10 Tips for Creating Stunning Portraits

From candid shots to planned photo sessions, elevate your portrait game with these easy tips.

Portrait photography is all about people — and a good portrait tells a story about the person in it. From photographing your family to formal portrait sessions, both aspiring photographers and professionals alike can up their portrait game with these 10 simple tips:

1. Make a Connection

The single most important aspect of creating stunning portraits is not what gear you use — it’s the connection created between the photographer and the person.

Creating an environment where people feel comfortable to be themselves encourages trust in the photographer and the process. Authentic, emotive portraits happen when people feel relaxed and at ease.

Photo by Jacob Lund

If you’re photographing someone you haven’t met before, take time to create a rapport either before or during the shoot. A comfortable setting is equally important when capturing images of your loved ones who may not be used to being photographed.

Don’t rush the shoot, instead ask questions about things your subject enjoys doing and play their favorite songs to build a fun, relaxing atmosphere.

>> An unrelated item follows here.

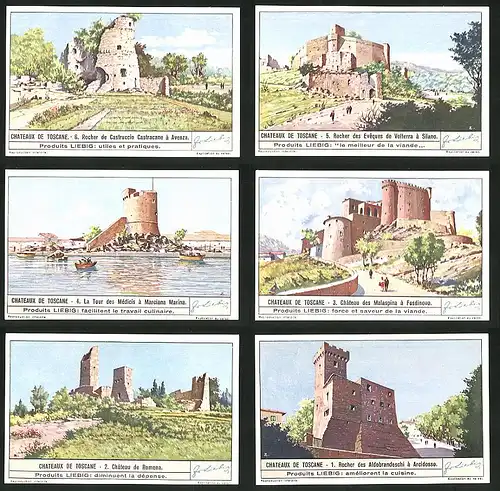 6 Sammelbilder Liebig, Serie Nr. 1413: Chateaux de Toscane, Arcidosso, Romena, Fosdinovo, Marciana Marina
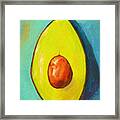 Avocado Half With Seed Kitchen Decor In Aqua Framed Print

Take your time and create a connection.

“A portrait is not made in the camera but on either side of it.” — Edward Steichen

Photo by Jacob Lund

2. Consider the Setting

The location where you choose to photograph your subject helps tell the story of who that person is and what is important to them. This is called an “environmental portrait.” These show more of your subject’s personality, rather than just a physical likeness of them from a standard portrait.

A favorite room, work space, place where your subject spends their free time or partakes in hobbies are all great settings for fantastic portraits. When people are in a physical place where they feel at ease, they generally feel more comfortable expressing themselves, which creates a more authentic portrait.

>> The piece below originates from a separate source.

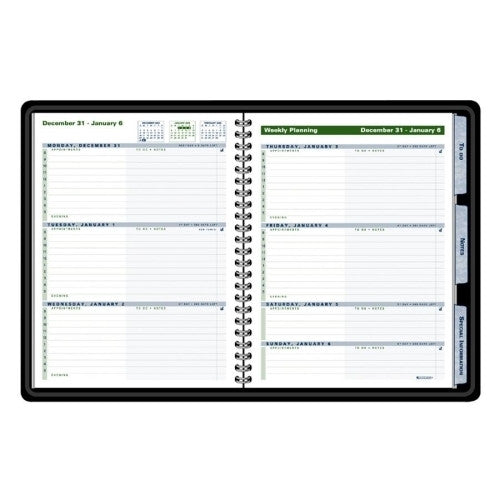 Weekly Planner, 12 Months Jan-Dec, Black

Photo by Alia Youssef; Photo by Steffy Gutovska
Photo by Suzanne Strong

Another fun idea is to look for objects or details that are important to the person to include in your photographs to help tell the story. Adding in these other objects to your portraits and including them as a collection is called a photo series.

Photos by Aiyush Pachnanda

3. Find the Light

Finding the best light to flatter your subjects is one of the most important things you can do.

The light at the last hour before sunset, as well as the first hour after sunrise are both referred to as the “golden hour” or “magic hour.” This light is really easy to work with — it’s hard to over or under expose your images because the light is very even. Magic hour light is also very flattering on people’s skin as it generally produces a gorgeous golden hue.

Photo by Jacob Lund

The hour that immediately follows sunset, referred to as the “blue hour,” is another great time to shoot as it creates a very soft, even light for your portrait.

Photos by Carina Koenig

Directional light is when light that comes from one direction, which can be utilized to create drama and depth. If the directional light is too strong for the look you’re going for, fabric can be used to diffuse the light.

You can diffuse directional light indoors by placing your subject near a window with semi-sheer curtains. If shooting outside, a large semi-sheer scarf or piece of fabric will soften the light and further, it adds a unique and fun look to your portraits.

Photos by Jacob Lund

If possible, avoid shooting mid-day or when the sun is directly overhead, as this creates dark shadows on your subject’s face. However, we don’t always have control over the time of day we’re shooting. If you do have to shoot mid-day, you can move your subject under the shade of a tree, under a building overhang or on a side of a building that is not directly in the sun to avoid deep shadows on the person’s face.

“Light makes photography. Embrace light. Admire it. Love it. But above all, know light. Know it for all you are worth, and you will know the key to photography.” — George Eastman

4. The Eyes Have It

When we look at a photo or painting we often look at the subject’s eye’s first, as we tend to do in real life. When creating portraits, you almost always want to place the emphasis on the eyes so that the viewer can immediately feel the emotion of the photo and connect with the subject.

Photo by Jacob Lund

Capturing catchlights in a person’s eyes is a fantastic way to draw attention the eyes in a portrait. Catchlights are the glimmer of light that is reflected in a person’s eyes that comes from an external light source, which adds life and depth to a portrait.

Photo by Suzanne Strong

To capture catchlights, face your subject toward the light source. If photographing inside during the day, have your subject look toward or near a window to get that glimmer.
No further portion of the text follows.